◆ MATERIAL FOR THE TASK
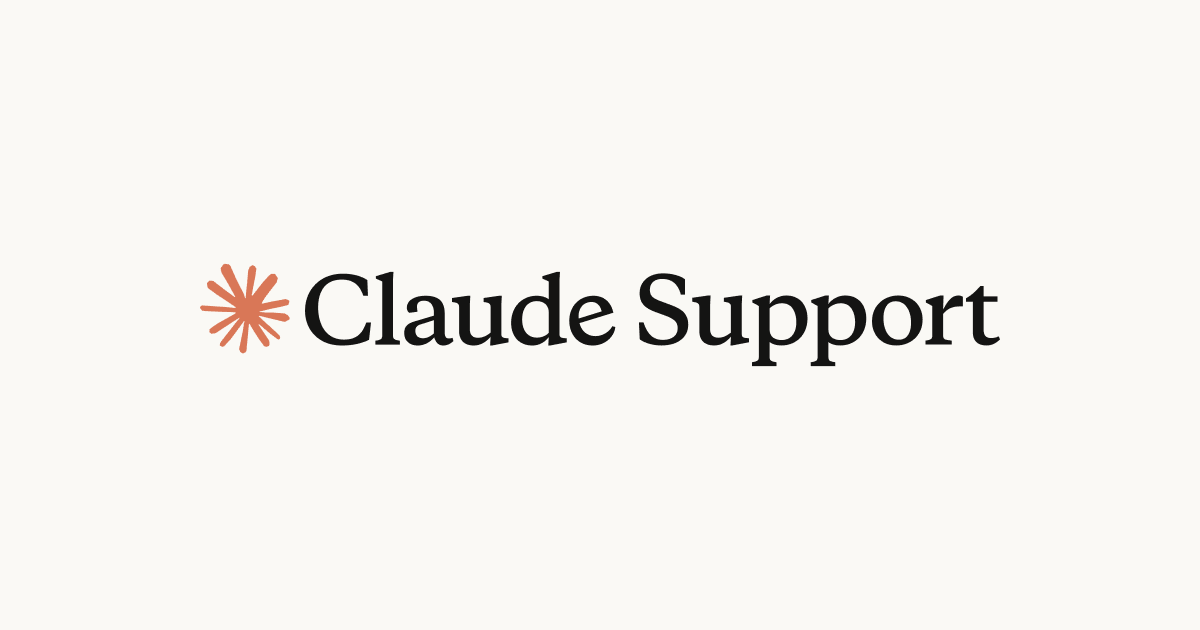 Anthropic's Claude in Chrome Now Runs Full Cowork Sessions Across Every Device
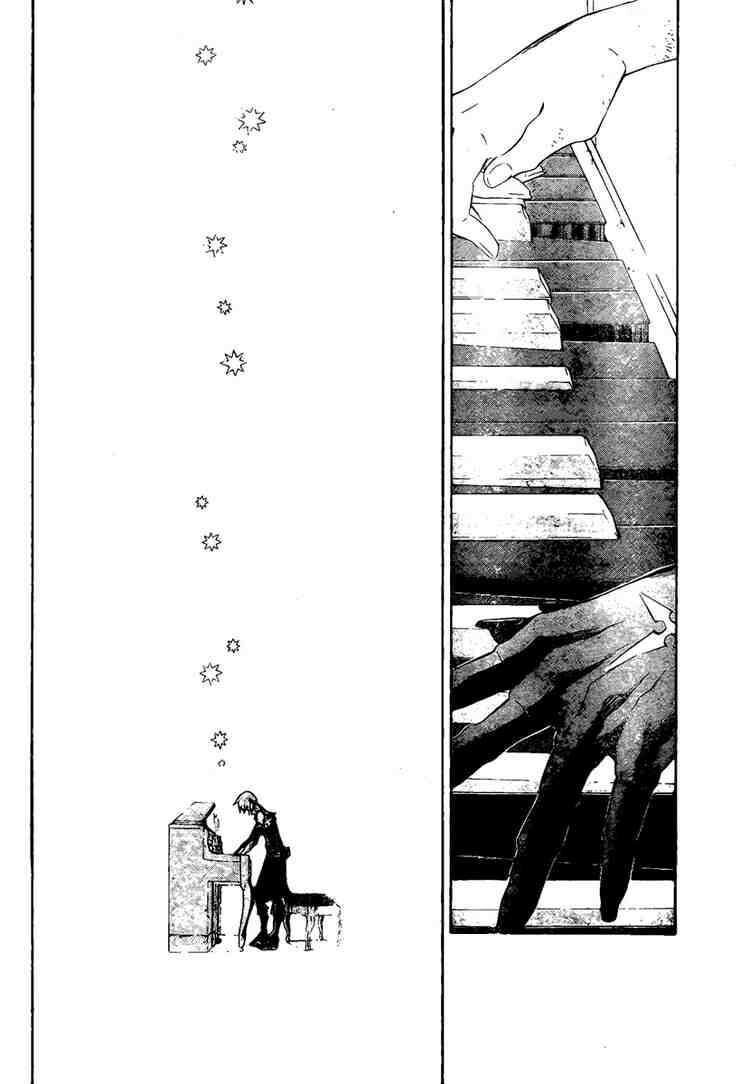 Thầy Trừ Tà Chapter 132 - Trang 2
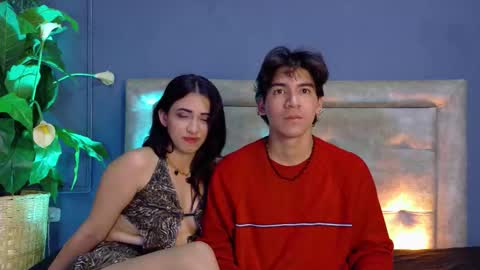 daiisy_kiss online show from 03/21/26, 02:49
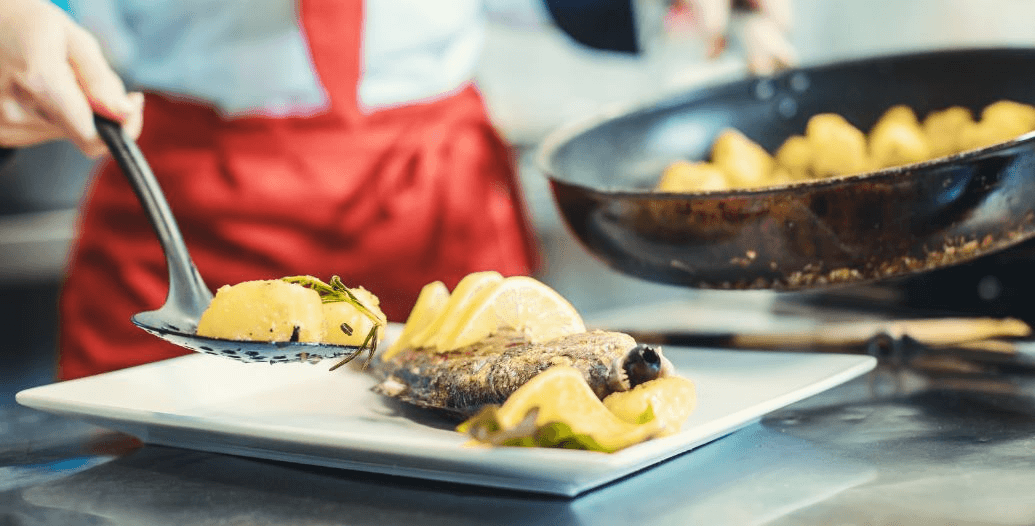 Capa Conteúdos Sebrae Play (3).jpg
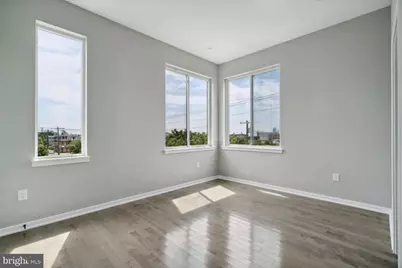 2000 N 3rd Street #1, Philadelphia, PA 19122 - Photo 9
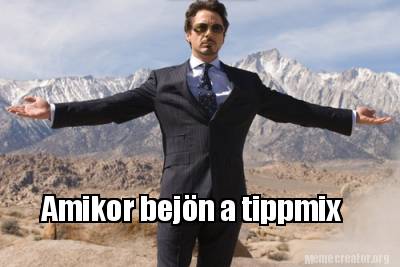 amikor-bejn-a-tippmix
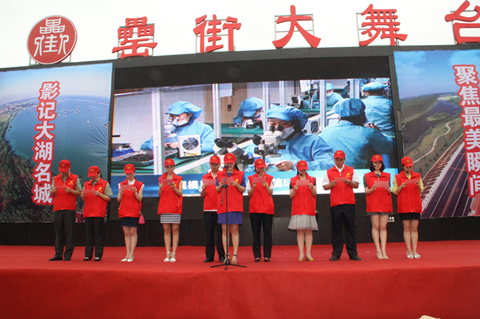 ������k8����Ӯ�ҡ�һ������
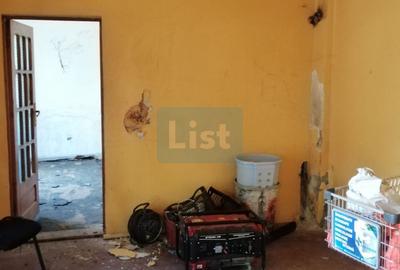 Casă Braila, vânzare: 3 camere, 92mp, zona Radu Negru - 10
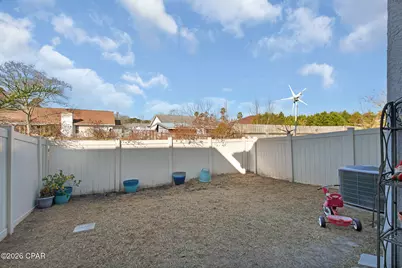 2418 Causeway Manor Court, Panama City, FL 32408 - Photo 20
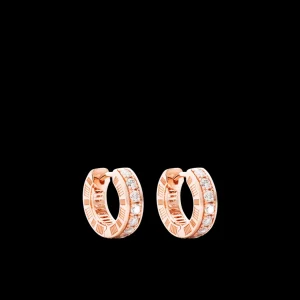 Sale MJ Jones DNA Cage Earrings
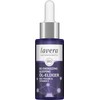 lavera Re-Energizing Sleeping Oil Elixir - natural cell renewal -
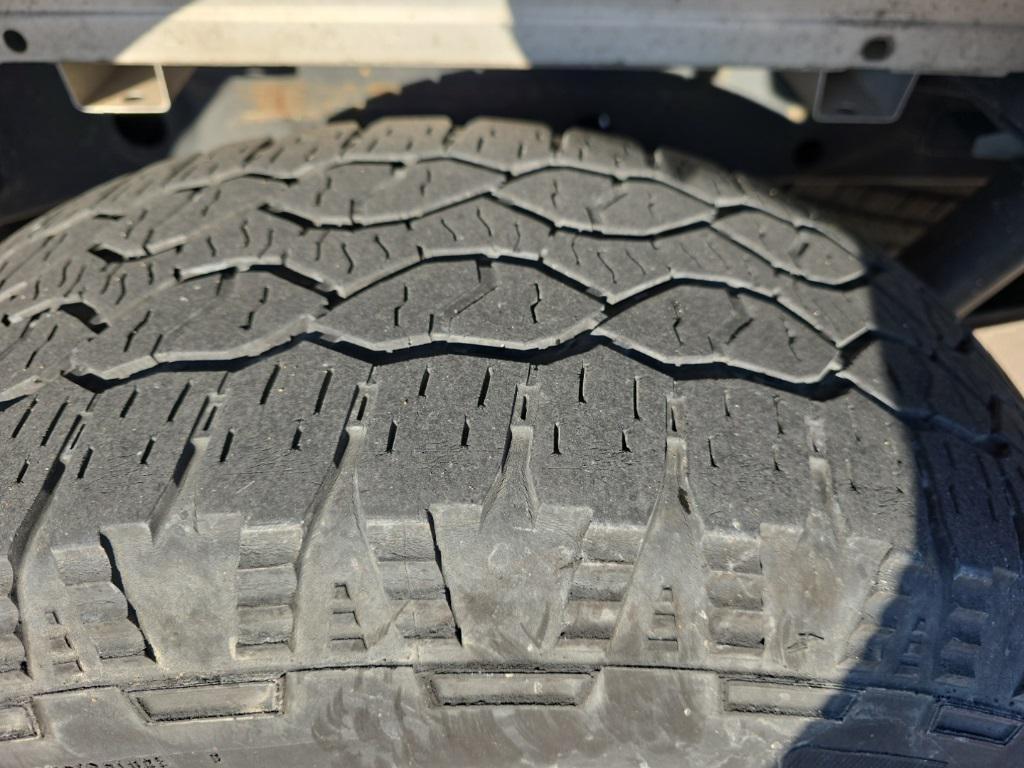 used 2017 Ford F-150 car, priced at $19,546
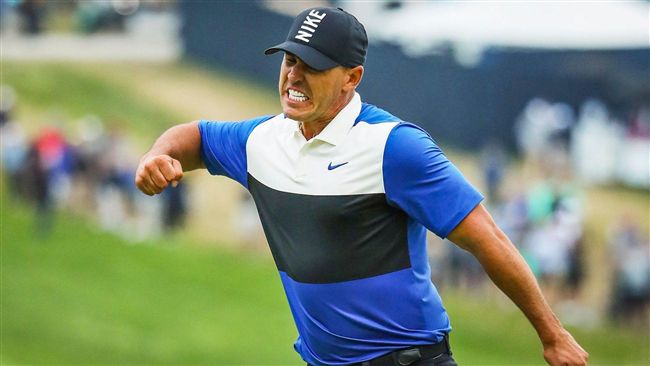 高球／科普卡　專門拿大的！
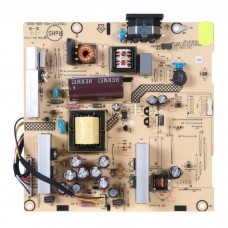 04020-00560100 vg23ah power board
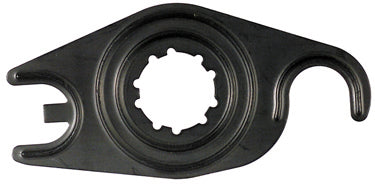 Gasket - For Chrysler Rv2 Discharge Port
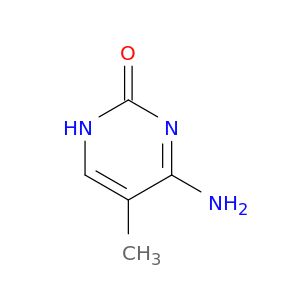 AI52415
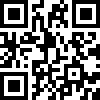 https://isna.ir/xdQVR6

◆ WHAT TO DO
The lines from the one containing "2000 N 3rd Street" up to and including the last line of the material above are to be given again exactly; any pictures are dropped.

◆ EXERCISE RESULT
 2000 N 3rd Street #1, Philadelphia, PA 19122 - Photo 9
 amikor-bejn-a-tippmix
 ������k8����Ӯ�ҡ�һ������
 Casă Braila, vânzare: 3 camere, 92mp, zona Radu Negru - 10
 2418 Causeway Manor Court, Panama City, FL 32408 - Photo 20
 Sale MJ Jones DNA Cage Earrings
 lavera Re-Energizing Sleeping Oil Elixir - natural cell renewal -
 used 2017 Ford F-150 car, priced at $19,546
 高球／科普卡　專門拿大的！
 04020-00560100 vg23ah power board
 Gasket - For Chrysler Rv2 Discharge Port
 AI52415
 https://isna.ir/xdQVR6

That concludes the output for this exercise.